Joerg Burger’s meticulous and mesmerising study of the Vienna Museum of Natural History is itself a work of natural history, in that it studies its core subject from a number of methodological angles. In one level, it simply puts the displays on display via some exquisitely composed, high-resolution photography that drinks in the rooms, both public and private, where the many collections dwell; vitrine after vitrine, drawer upon drawer, archive boxes until the end of time, with beetles, geological samples, taxidermied birds and botanical samples, each one lovingly tagged and sorted.
That said, the fact that the archive is only maybe 10% digitised and indexed means that the staff clock up kilometres’ worth of walking every day as they search for requested items: as such this is also a study of information science at a point of crisis.
We explore, too, the ethics of museums such as this, founded by wealthy collectors and royalty who plundered colonies and newly discovered lands in the name of science but also for glory. Reparations are made, apologies issued. While gingerly assembling the remains of an elephant for display, a curator explains that this particular beast was killed as recently as the 1970s by one of his predecessors at the museum while on a safari holiday; the skin was shipped back for the collection but most of it rotted and what remains is largely synthetic.

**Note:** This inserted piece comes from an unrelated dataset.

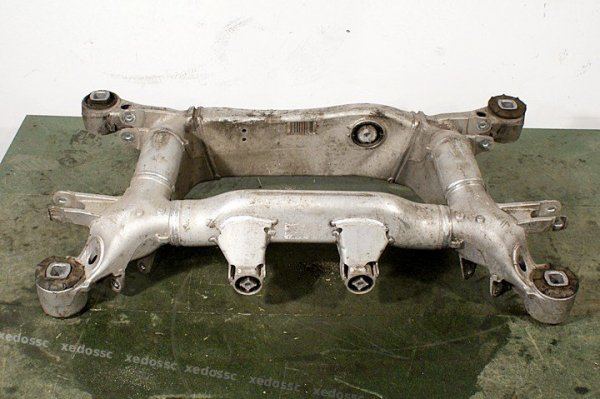 _Belka ława sanki wózek zawieszenia tył BMW 5 E60 2007 3.0TD Sedan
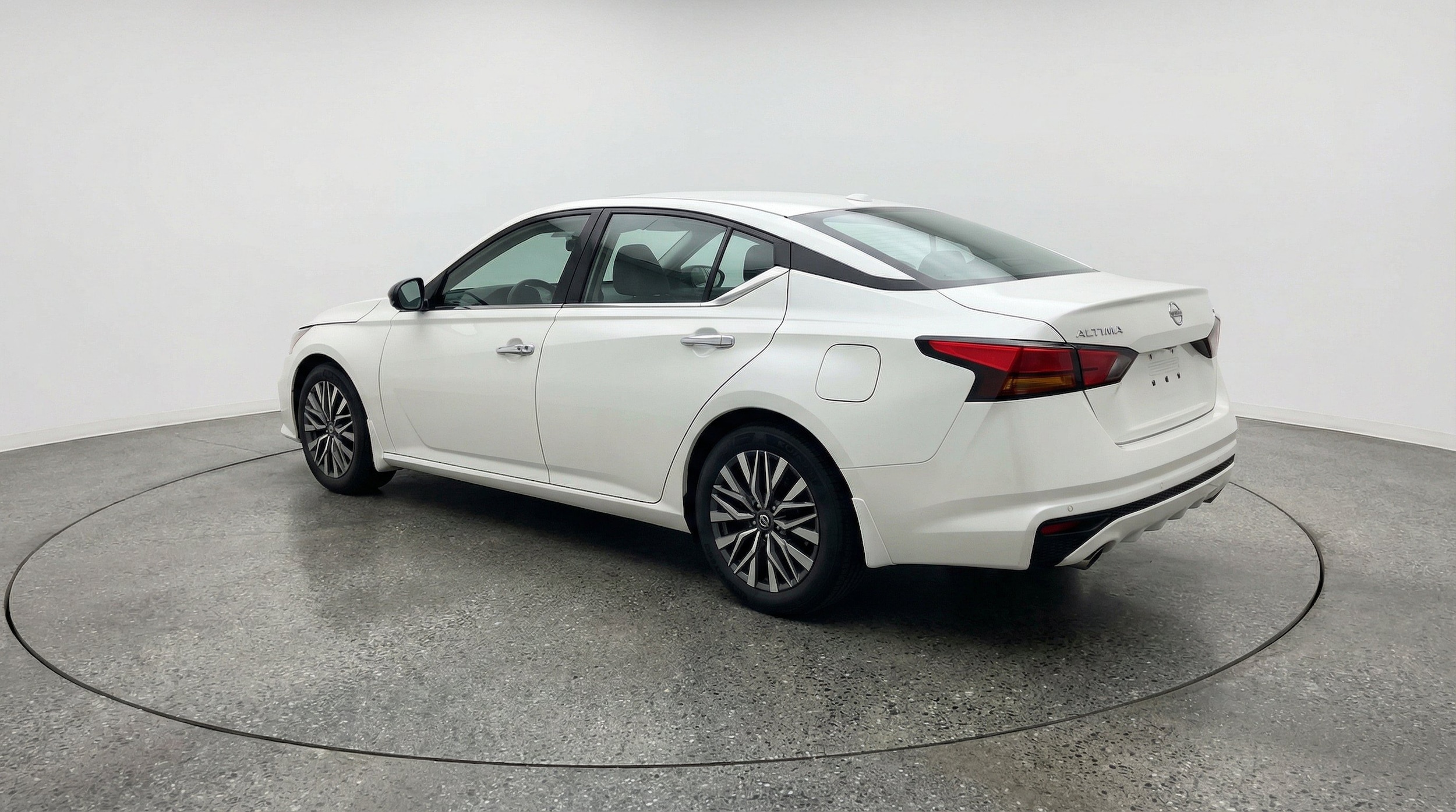 Thumbnail: 2025 Nissan Altima - 6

Those who find watching crafters at work are in for a treat, with many soothing minutes devoted to the observation of the museum’s staff endlessly painting, sculpting, scanning and photographing objects. Surprisingly, quite a few of these artisans are volunteers, happy to give their time and expertise to Austrian society out of gratitude for their state benefits. Again, on a meta level the film itself is a work of painstaking crafting, seamlessly edited, fluent, thoughtful and immersive like a visit to the museum itself.
• Archive of the Future is on True Story from 7 March.